[[ RECORDS SHOWN, beginning ]]

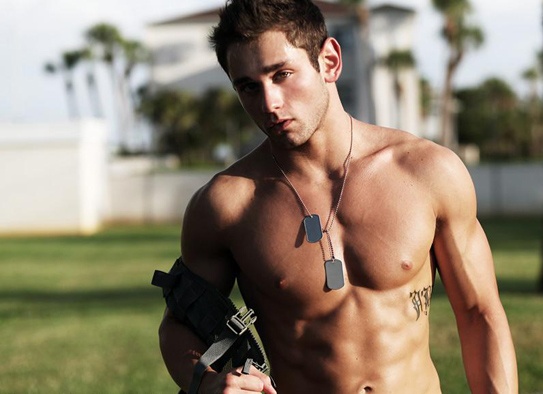 Bi mat ve cau nho anh 8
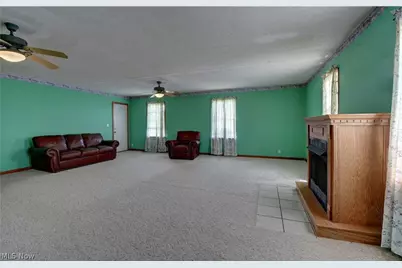 39780 State Route 800, Woodsfield, OH 43793 - Photo 13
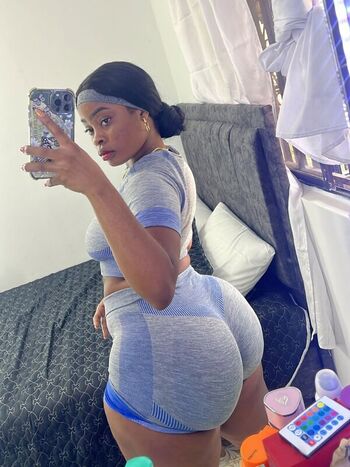 Full leaked Cataleya navia page private onlyfans photo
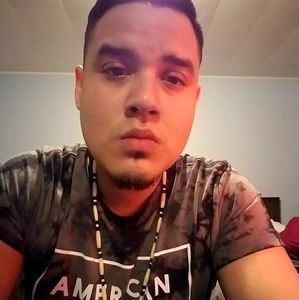 Meet your Posher, Carlos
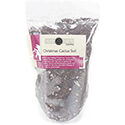 Josh’s Frogs Holiday Christmas Cactus Soil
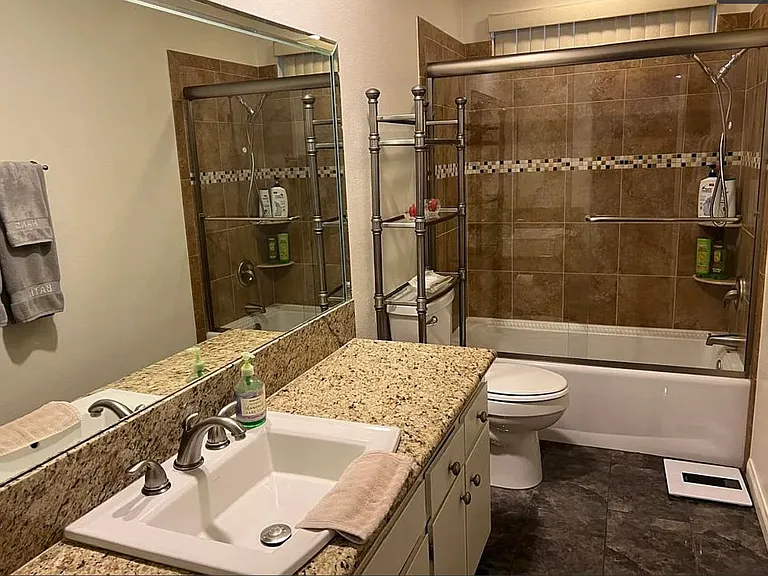 3723 E Camino San Simeon — Photo 4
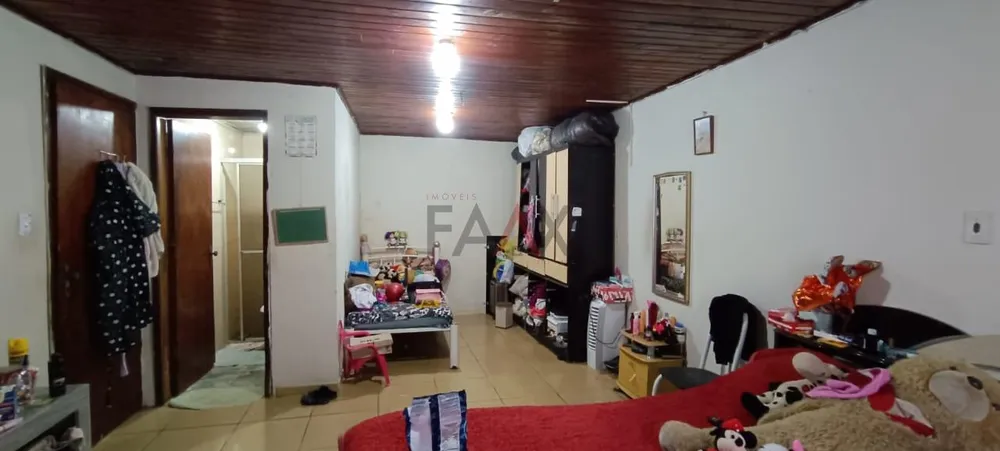 Casa, 2 quartos, 139 m² - Foto 7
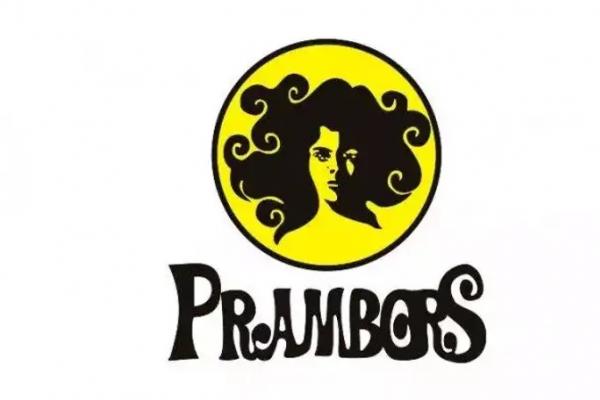 Tujuh Tahun Mengudara, Prambors Tutup Sunset Trip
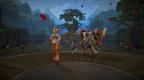 Battlerite Screenshot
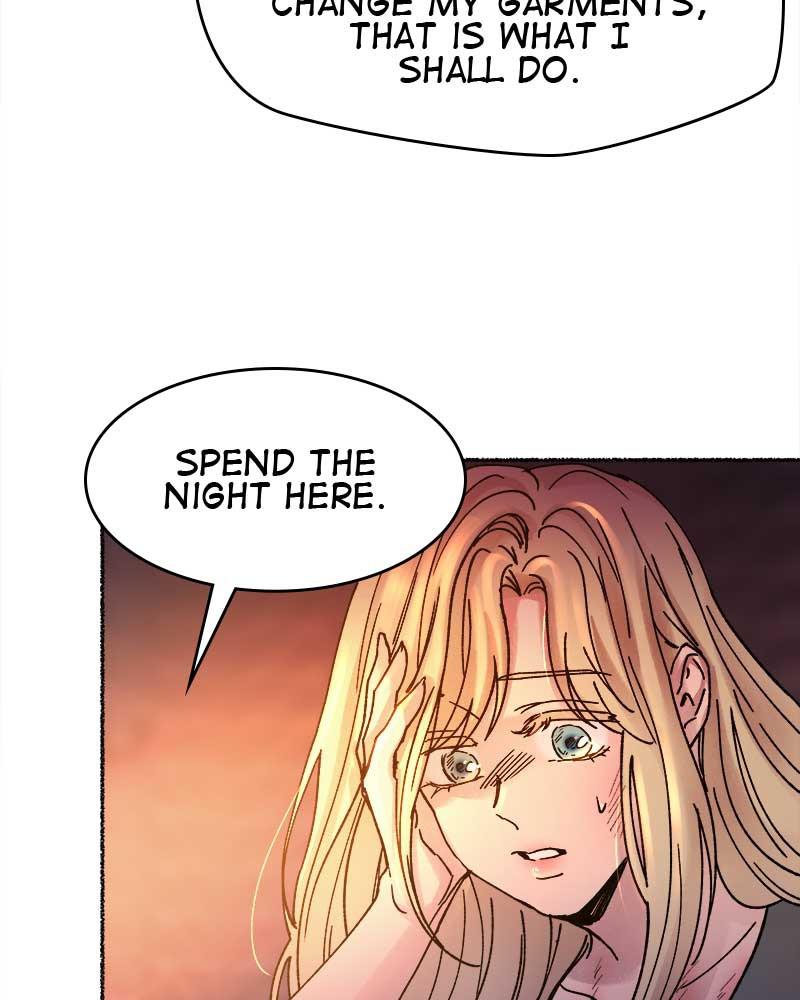 Like Wind on a Dry Branch Chap 32 - Next Chap 33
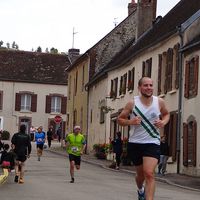 Bernardo Gianelli的照片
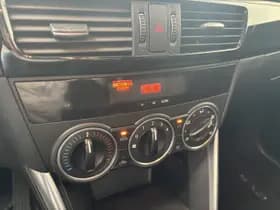 Mazda Cx-5 thumbnail 13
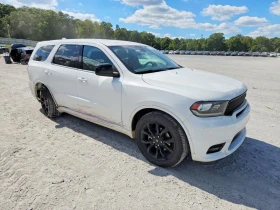 Dodge Durango 3.6l Gt | Mobile.bg � ����� ������ 4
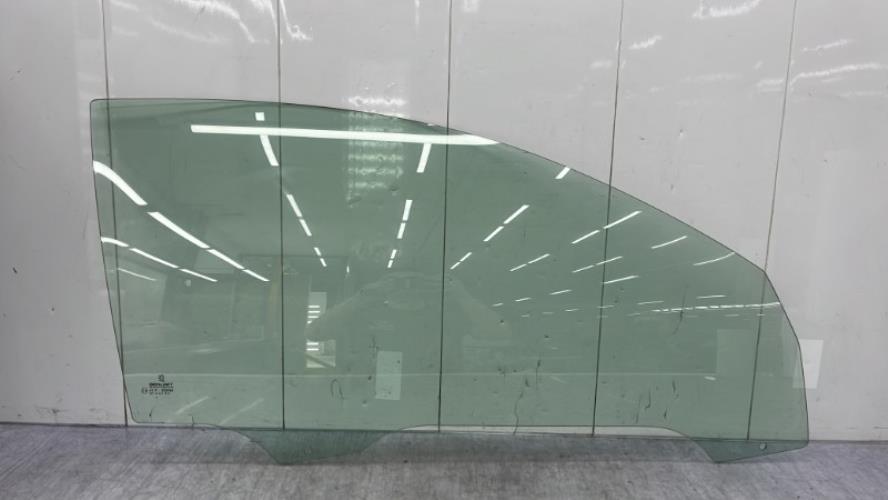 Vitre avant droit PEUGEOT 206 PHASE 1 Essence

[[ RECORDS SHOWN, end ]]

WORK REQUIRED: Each line of the data above must be repeated exactly, images excluded.

ANSWER TO THIS TASK:
 Bi mat ve cau nho anh 8
 39780 State Route 800, Woodsfield, OH 43793 - Photo 13
 Full leaked Cataleya navia page private onlyfans photo
 Meet your Posher, Carlos
 Josh’s Frogs Holiday Christmas Cactus Soil
 3723 E Camino San Simeon — Photo 4
 Casa, 2 quartos, 139 m² - Foto 7
 Tujuh Tahun Mengudara, Prambors Tutup Sunset Trip
 Battlerite Screenshot
 Like Wind on a Dry Branch Chap 32 - Next Chap 33
 Bernardo Gianelli的照片
 Mazda Cx-5 thumbnail 13
 Dodge Durango 3.6l Gt | Mobile.bg � ����� ������ 4
 Vitre avant droit PEUGEOT 206 PHASE 1 Essence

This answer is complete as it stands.